References
For more information, please check our paper:
Clarisse Descamps, Vincent Bouttier, Juan Sanz García, Maoussi Lhuillier-Akakpo, Quentin Perron, Hamza Tajmouati, Growing and linking optimizers: synthesis-driven molecule design, Briefings in Bioinformatics, Volume 26, Issue 5, September 2025, bbaf482, https://doi.org/10.1093/bib/bbaf482
Introduction
The Fragment Linking generator can be used for generating compounds by proposing new linkers and/or scaffolds between two building blocks and their reaction centers. It is purely chemistry driven, so a good understanding of organic chemistry is required. By defining the exit vector (where the chemistry will take place) the generator will search for commercial building blocks which can react in such a position.
The Fragment Linking generator is particularly useful to guide molecule generation in scaffold hopping use-cases and during the hit-to-lead phase.
To access the Fragment Linking generator, click on the New Generator box in the "Generator" tab. Specify a name for this generator, and under "Generator Engine" select Fragment Linking.
Example Use-Case
Given a couple of building blocks: A and B and their reaction centers (exit vectors) -NH2 and -Br respectively, the fragment linking generator will propose novel compounds by attaching new scaffolds at those centers while keeping the rest of the building blocks intact.
Such scaffolds are selected from a database of commercially available compounds.
Set-up
- Exit Vectors (Required): In each of the text fields below "Enter SMILES", specify a building block and set the corresponding exit vector where the linking will happen. You can either sketch them (by clicking on the pen icon) or copy-paste the SMILES sequence. Once it is done, the building blocks will be visible in two panels with an ID assigned to each atom. Click on Set for each panel, and in the box provided below the structure, type atom IDs to start filtering possible exit vectors. Type one ID at a time and then press Enter.
How to select a proper Exit Vector
NOTES ON EXIT VECTORS:
The fragment should not contain charged atoms. Protonation is performed directly inside Makya where needed.
When you select the exit vectors, the atoms in red are the ones that will be involved in the reaction. The Fragment Linking generator is chemistry-driven and the choice of exit vectors need to be informed by organic chemistry knowledge.
-
Optional:
- Chemical Space: Select ≥1 datasets uploaded to this project, or specify SMILES that can be used to guide the generation in terms of similarity to the chemical space.

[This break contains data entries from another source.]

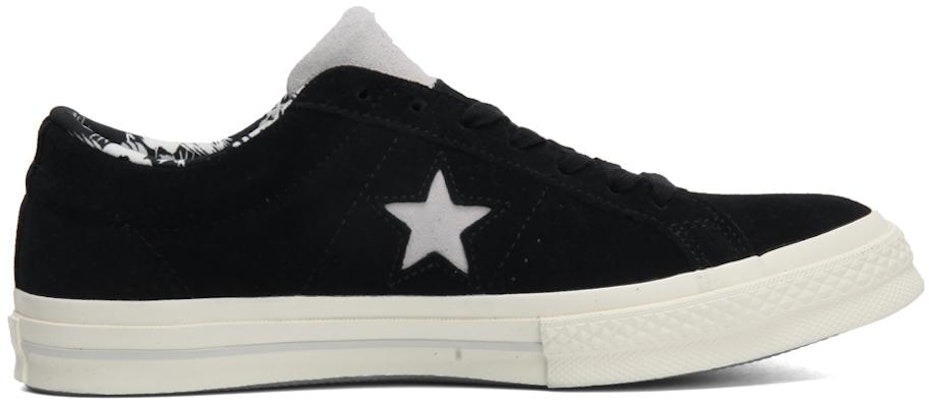 컨버스 원스타 로우 '트로피컬 블랙' 160584C Order 컨버스 원스타 로우 '트로피컬 블랙' 160584C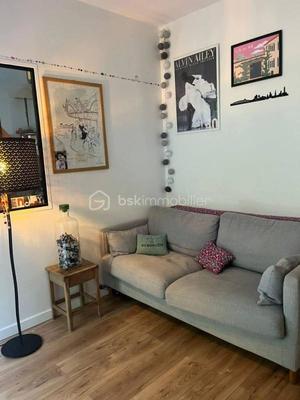 Appartement - 55 m² - 3 pièces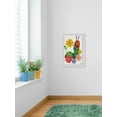 thumbnail image 3 of Marmont Hill Printed Insects Framed Art Prints, 3 of 6
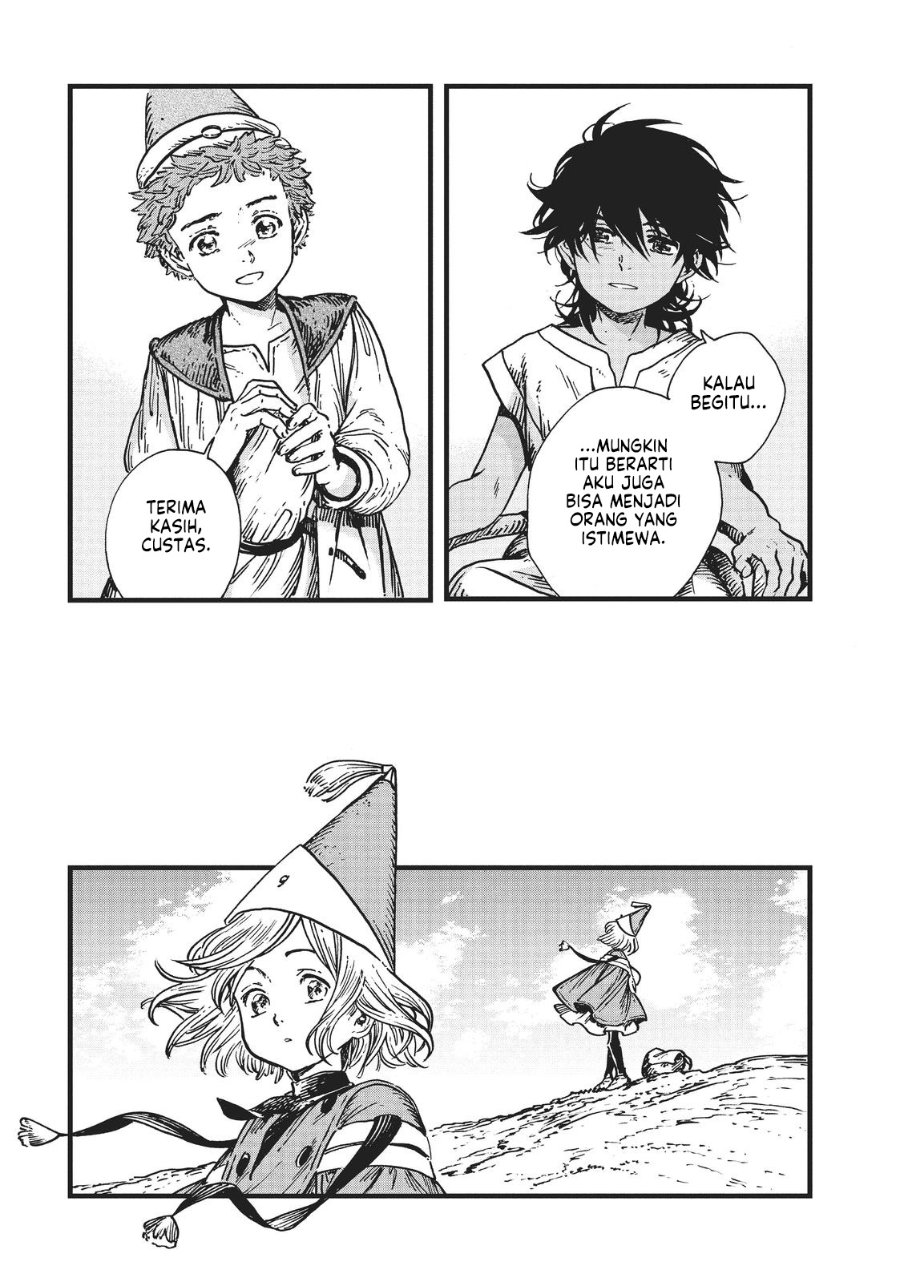 Baca Tongari Boushi no Atelier - Chapter 44 halaman 24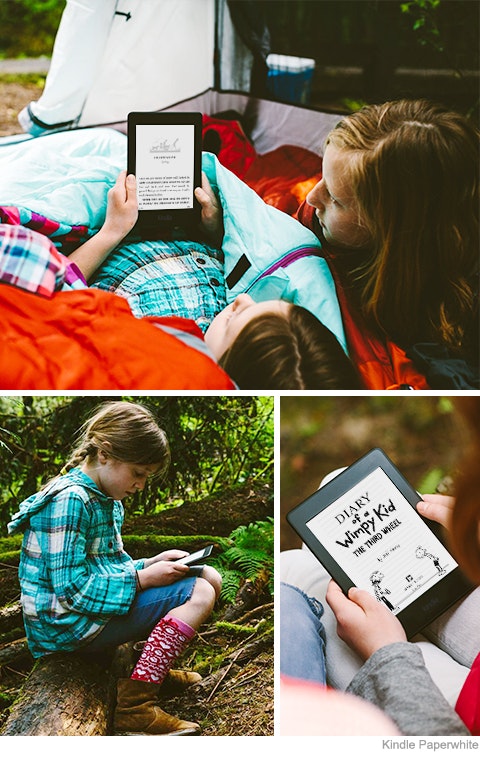 Kindle Voyage gallery image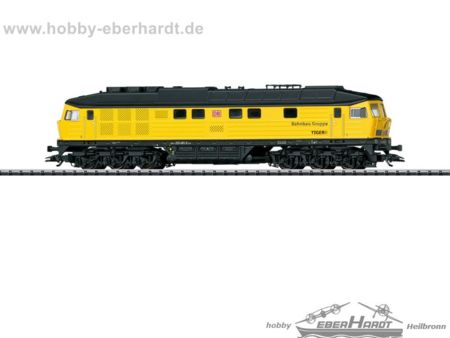 Diesellok BR 233 Tiger DB AG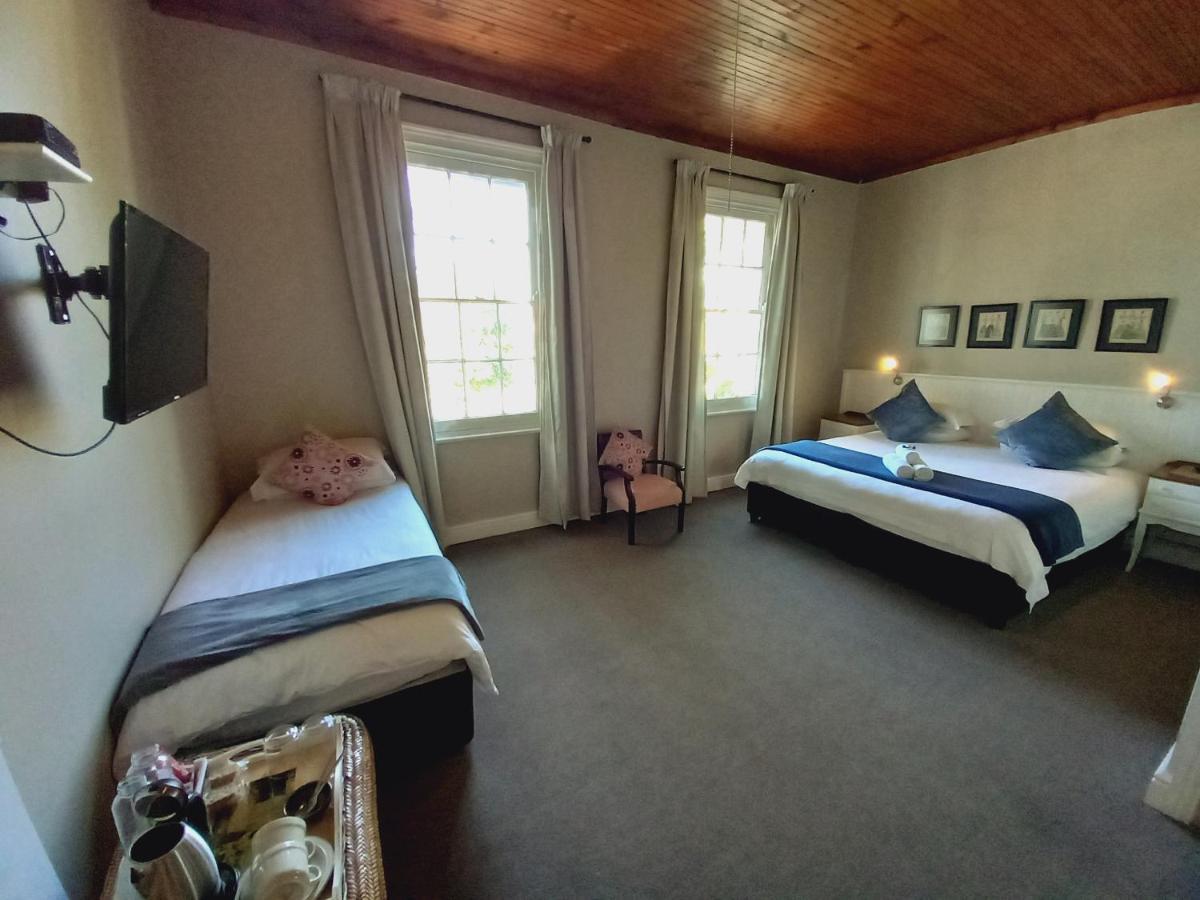 137 High Street Guest House Grahamstown Exteriér fotografie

- Building Blocks: In this panel, add constraints on the building blocks that will react on your intermediates. For each compound, specify structural constraints based on RDKit descriptors in the "Descriptors" tab, or input the SMARTS for required and/or forbidden substructures in the "Substructures" tab. For instance, the screenshot below shows constraints to react on a building block which contains either Iodine and Chlorine, or Bromine and Chlorine.

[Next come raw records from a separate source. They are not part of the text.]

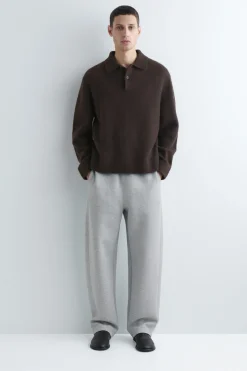 SCUBA BARREL-LEG JOGGERS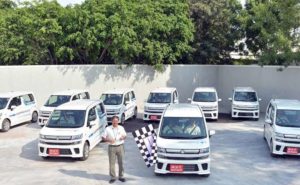 Maruti Suzuki Electric Vehicles Field Testing In India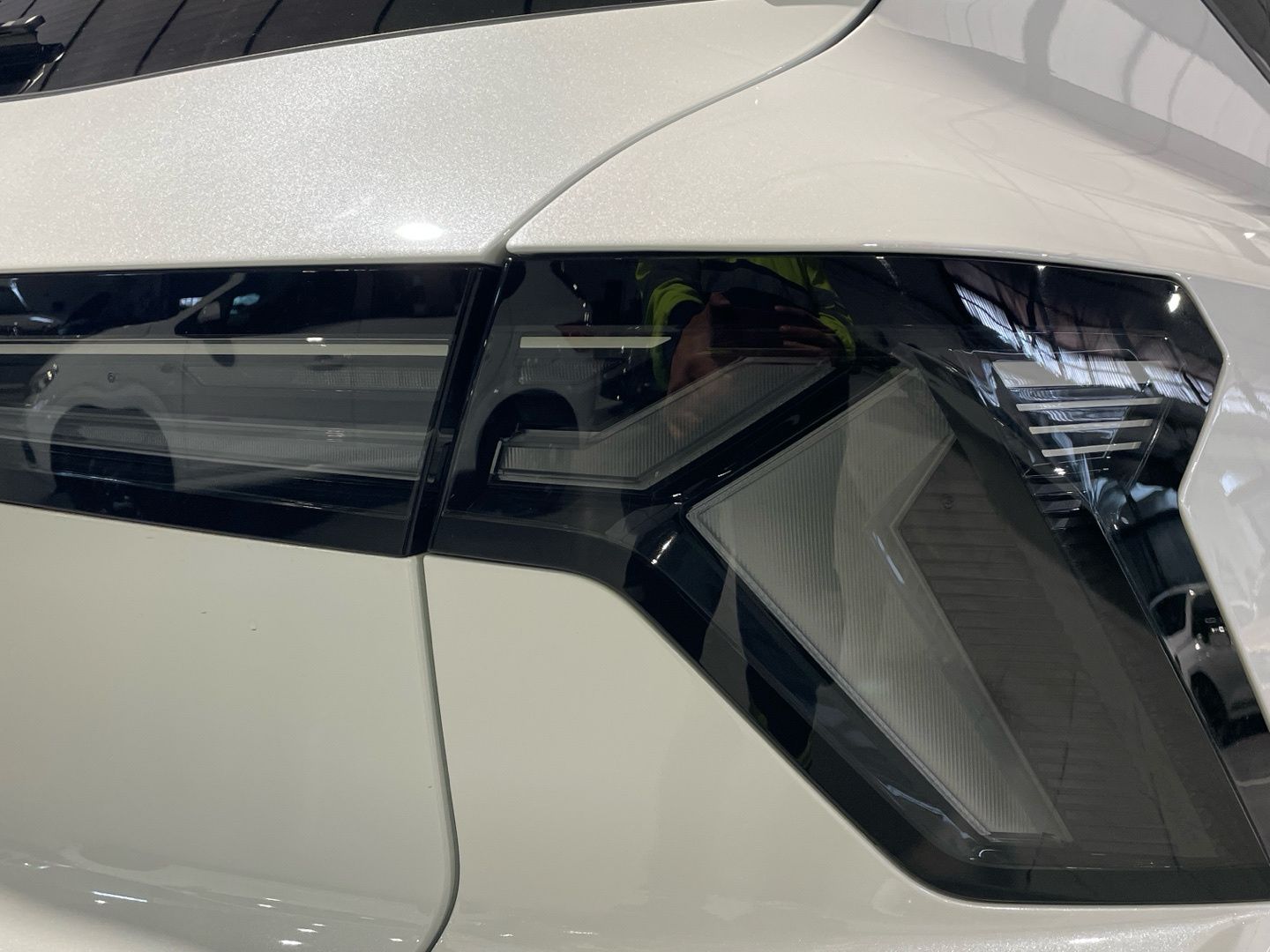 Renault Scenic Iconic Gran autonomía E-Tech 160 kW (218 CV)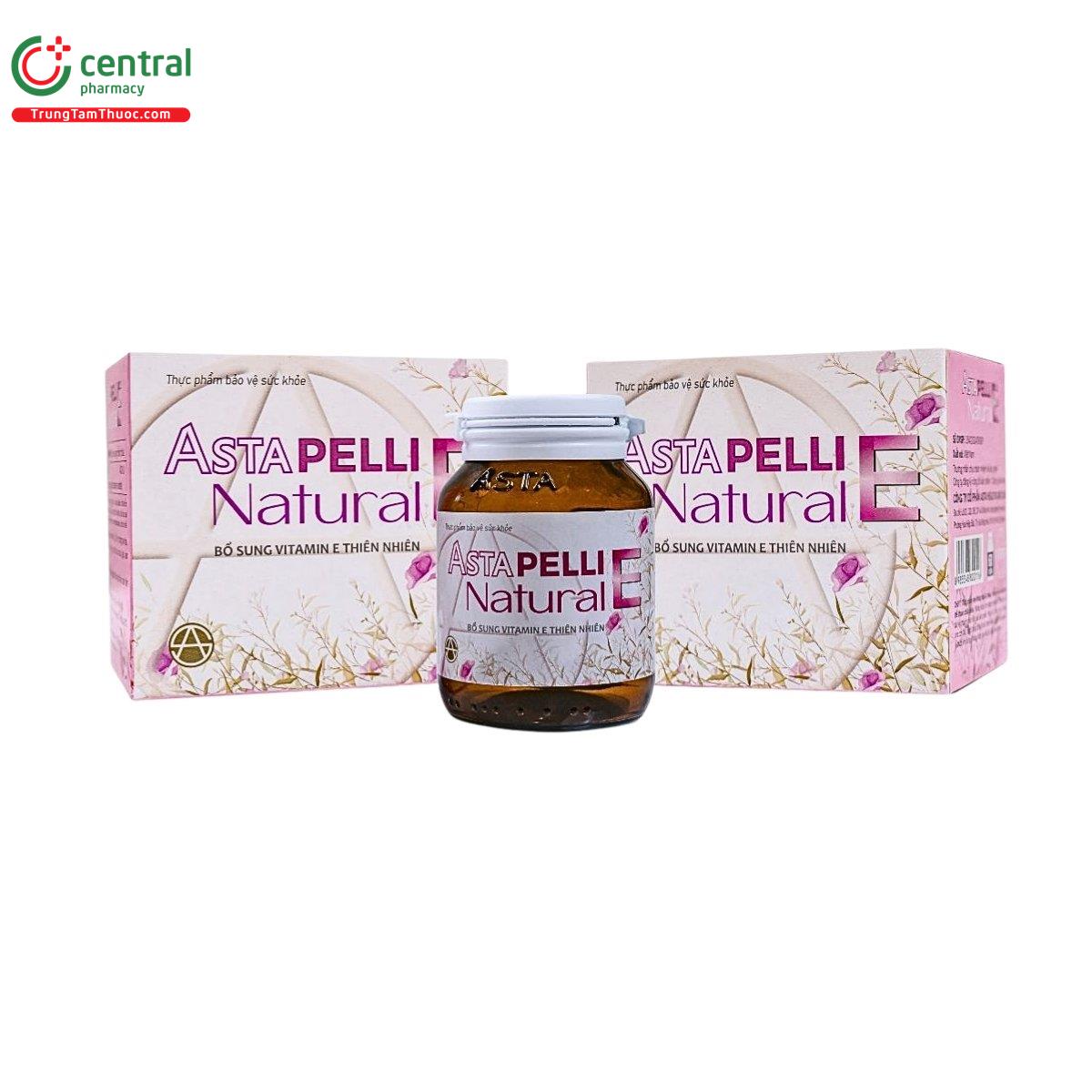 astapelli e natural 3 J3176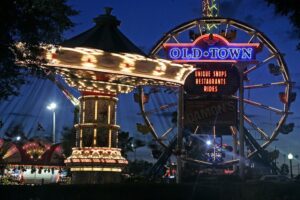Old Town in Kissimmee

NOTE: compound filters will drastically accelerate the generation by reducing the size of the catalog of commercially available building blocks that is explored by the algorithm.
-
- Products: In this panel, add constraints on the final generated molecules. Specify structural constraints based on RDKit descriptors in the "Descriptors" tab; input the SMARTS for required and/or forbidden substructures in the "Substructures" tab; or upload a csv file with custom Pains/Tox list of SMILES in the "Pains/Tox" tab.

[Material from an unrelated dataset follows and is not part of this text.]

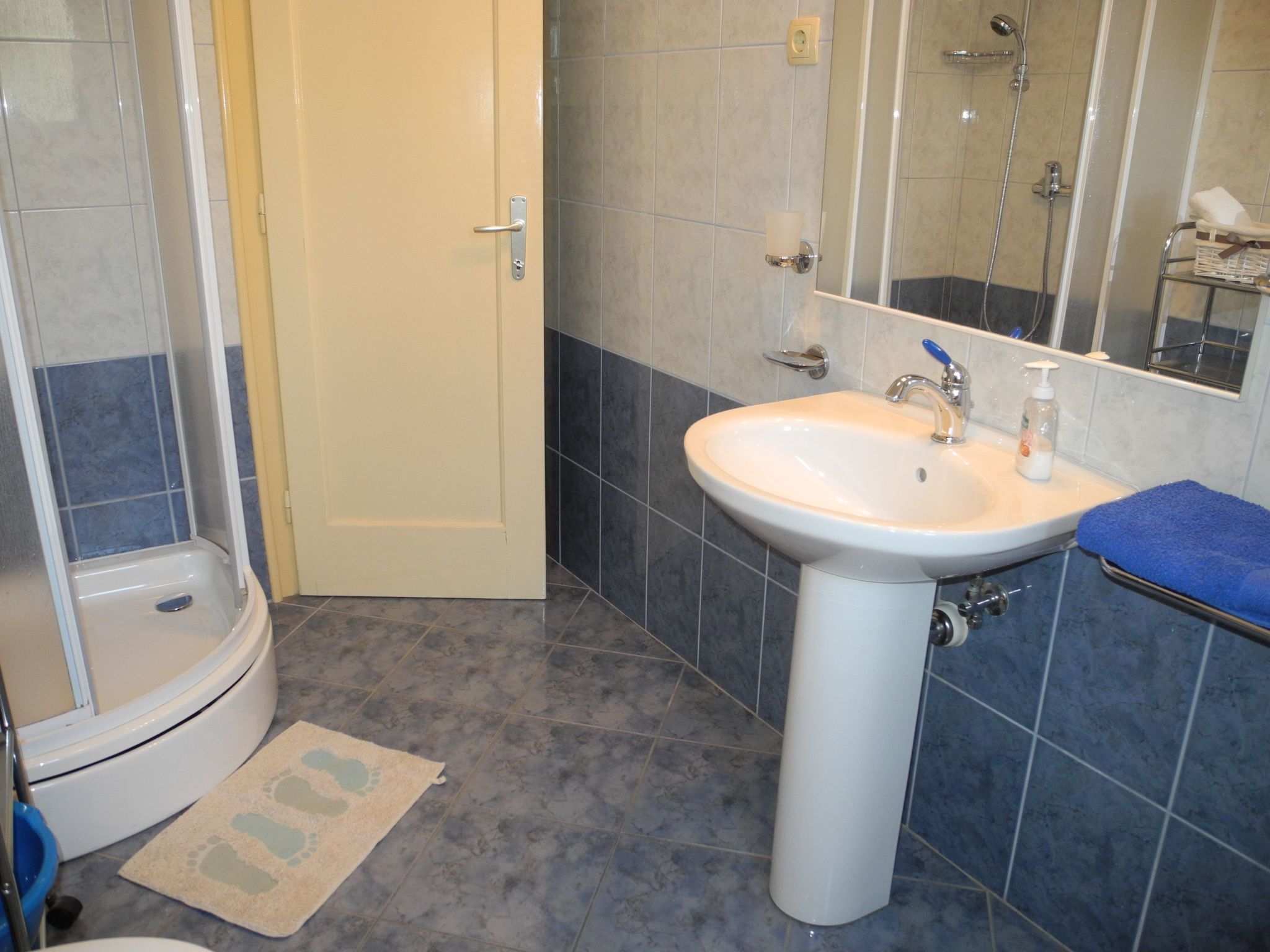 Wohnung 100m vom Strand entfernt-Dedans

NOTE: product filters are applied after molecule generation, to filter the results. As such, it is slower and less computationally efficient than building block filters (see above). If appropriate, we recommend using building block filters.
-
- QSAR: Select among trained QSAR models to guide the generation around a defined target product profile (see QSAR). (Be careful to select Models whose applicability domain covers the chemical space you are exploring!)
- API: Plug in external scores or models that can be accessed to guide this generation (see Scoring APIs).
- Scorers: Select any scores that will be calculated during the generation and available in post-processing (see Scorers).
- 3D Ligand based / 3D Structure based: Select 3D parameters to optimize docking score, contact score, shape similarity to a reference ligand, or other 3D objectives.